### Supplied information
------
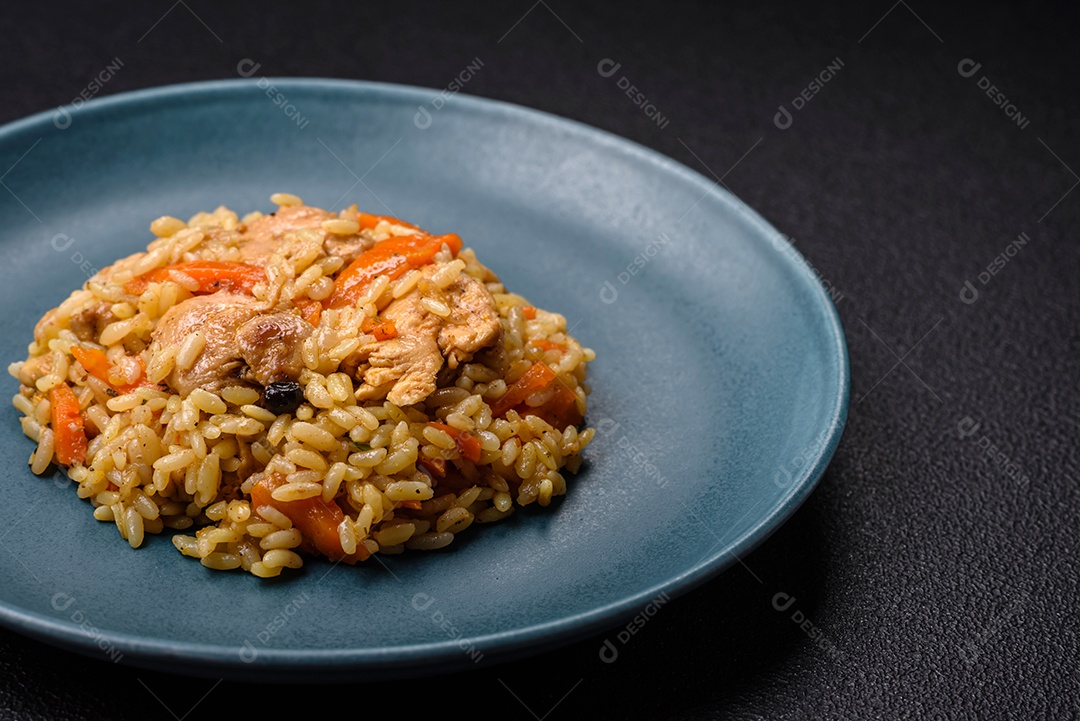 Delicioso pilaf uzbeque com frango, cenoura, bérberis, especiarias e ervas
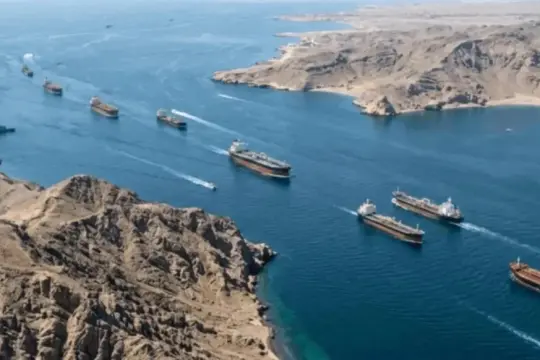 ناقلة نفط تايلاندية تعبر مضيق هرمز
------
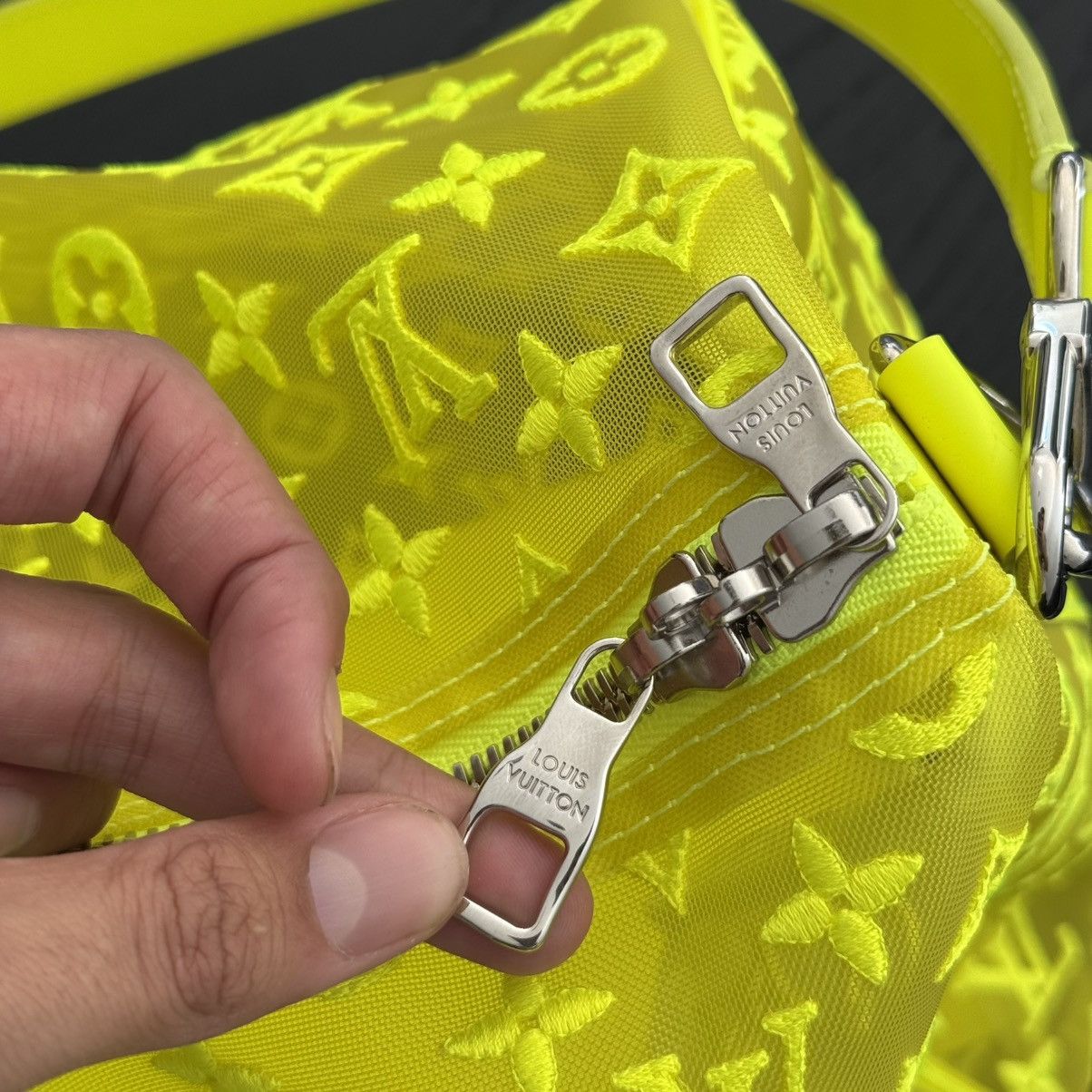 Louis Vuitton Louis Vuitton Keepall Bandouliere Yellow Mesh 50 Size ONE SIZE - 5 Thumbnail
------
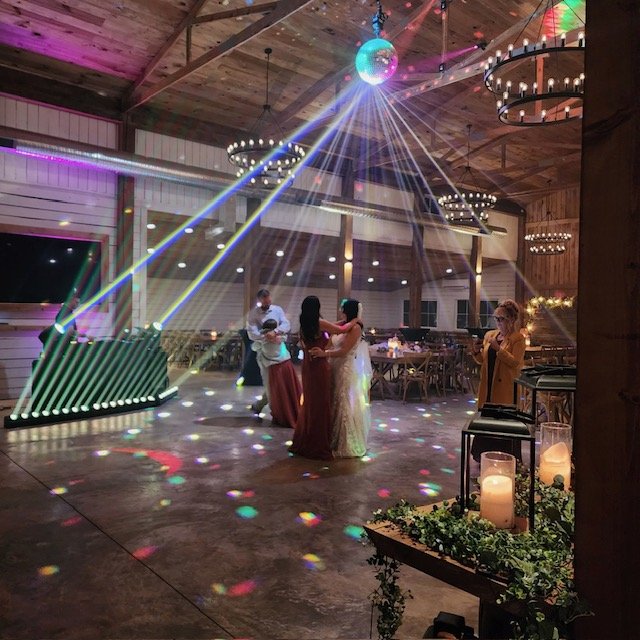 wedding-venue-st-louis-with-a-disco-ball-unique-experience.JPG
------
### What the task requires
Print exactly the lines above that run from the one with "Delicioso pilaf uzbeque" down to the one with "ناقلة نفط تايلاندية تعبر مضيق هرمز", and omit the pictures.

### Task solution
 Delicioso pilaf uzbeque com frango, cenoura, bérberis, especiarias e ervas
 ناقلة نفط تايلاندية تعبر مضيق هرمز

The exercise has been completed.